Sociologist Allison Daminger ’12 Researched Mental Workload in Family Life
In What’s on Her Mind, Daminger shows women take on the majority of cognitive labor at home
Allison Daminger ’12 is consistently curious, a valuable trait as a sociologist intrigued by what motivates us to do what we do. In 2017, she began to wonder about a key question that snowballed into five years of interviews with couples: Who takes on the cognitive labor in a household and how does that affect their mental health?
More than 170 interviews later, Daminger, a sociology professor at the University of Wisconsin-Madison, has published What’s on Her Mind: The Mental Workload of Family Life, which reveals how women often take on the majority of this unseen work.

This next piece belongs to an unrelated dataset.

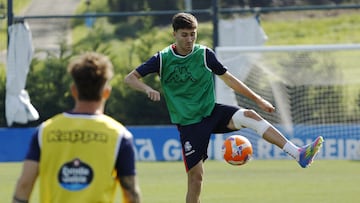 Obrador volvió con el grupo con un aparatoso vendaje protector.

Daminger describes cognitive labor as project management for the home. “It’s about figuring out what the family needs, what they owe to others, and then finding a way to ensure that those needs are met and those obligations are fulfilled,” Daminger says.
She cites the example of getting families together for the holidays. “A decision has to be made about if you’re going to your parents’ home or your husband’s parents’ home,” she notes, “and then someone has to think through the possible permutations, make a decision, and then follow up to book the plane tickets.”
Analyzing this form of cognitive labor isn’t entirely new but has shifted over the past few decades. “In my book I talk about an economist who was writing in the 1920s about the head work of the housewife, but this kind of management work has ratcheted up recently as we’ve seen an increase in the how much supervision children need,” she says.
She also points to an age-old imbalance: Women are often held socially accountable for most domestic consequences, like a messy house or a poorly dressed child. Men are more on the hook for a family’s financial outlook. Men and women alike internalize these gender-specific societal expectations.
Cognitive labor leads to consequences women face that she expected but also a fallout she didn’t see coming, says Daminger. “Women endure higher anxiety and burnout, but what I didn’t expect to find was lower political participation related to the level of burden they are carrying at home.”
She says couples who recognize this management overload should start having conversations about how to ease its ripple effects. “My data found that there is intentionality around physical chores, like who’s going to cook or wash the dishes, but there is very low intentionality around the division of cognitive labor,” Daminger notes.
A question she asked all the couples in her research period could mirror what anyone could question themselves: “If I could give you a magic wand right now, how would you reset your division of this work. What is your North Star?”
She points to Princeton anthropology professor João Biehl as an inspiration as she learned to examine social behavior. “I remember being totally floored that the things I took for granted, like illness, could differ by culture,” she recalls, “and it was a lightbulb moment for me to understand how our lives are socially and culturally shaped.”
On the horizon for Daminger is an extensive study on humor in relationships. She says, “In my interviews for the book, I found that partners would make fun of themselves and each other in these gendered ways, and that got me curious on how these jokes could potentially reinforce inequalities in a relationship, or perhaps challenge them.”